The pain-pleasure principle

“Illusions commend themselves to us because they save us pain and allow us to enjoy pleasure instead. We must therefore accept it without complaint when they sometimes collide with a bit of reality against which they are dashed to pieces.”

— Sigmund Freud

Have you ever wondered why clandestine operatives or secret agents, as the Box Office calls them, were trained to take “The pill” if they ever got caught? To them, that was an easy way out of unimaginable pain, even if the act wasn’t pleasurable. One of the greatest psychologists, Sigmund Freud, did exceptional work on this concept. He came up with a principle that sheds light on how pain and pleasure act as motivators or demotivators when people want to make choices. The pain-pleasure principle serves as the basis for one of the root causes of decisions we make, and it involves people doing what it takes to avoid pain or gain pleasure. For a better understanding of how this principle works, let’s also look at two scenarios.

The first is of someone who has been working in an organization for about a decade. They complain about how they don’t like the job and how the company treats them every time. The complaint goes on for years, and yet they are still on the job. At that stage, two things would have been inevitable. The first is that such a person’s complaints won’t change anything, and the second is that the only way out of that situation (the initially identified pain) is to quit his job and look for another one that will give him what he wants least a better offer. However, the thought of being jobless for the next few months until he gets a new job or figures things out (a perceived more enormous pain) makes him hold that thought every other time he thinks of it. He has chosen a lesser pain while avoiding the one he perceives to be much worse to him.
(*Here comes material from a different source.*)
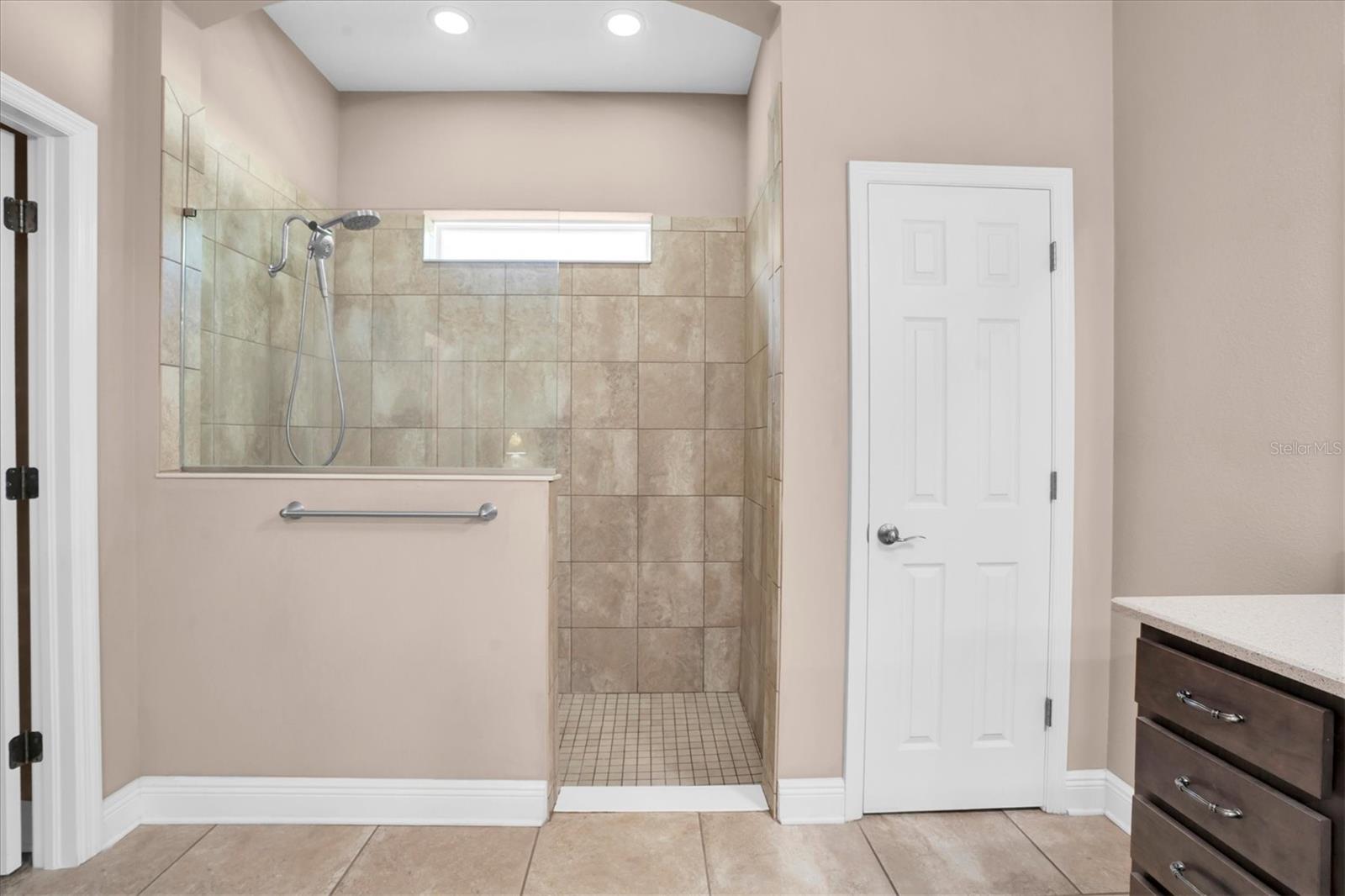 1212 Lorea Ln Property Photo 28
The second scenario is of someone who decides to save for an investment targeted at financial freedom. This person is not necessarily in pain but has agreed to postpone immediate pleasure (perceived to have a short span) for future happiness with a longer duration.

If you notice, you will realize that pleasure and pain served as the reason to demotivate and motivate both people, respectively. One could also ask that, what if the person in the former could persevere that perceived pain to achieve job satisfaction? The answer is that while one can still choose when it comes to pleasure, pain at any level of intensity is undesired, and so, people will always opt for the quickest chance to avoid the pain.

Now that you know the basis of pain and pleasure, can you identify any pain you have been avoiding but will have to face to make progress? Or any pleasure you will have to reject for the primary time for personal development? Once you have identified the items under both categories and can take the bold step, you will make better decisions after that.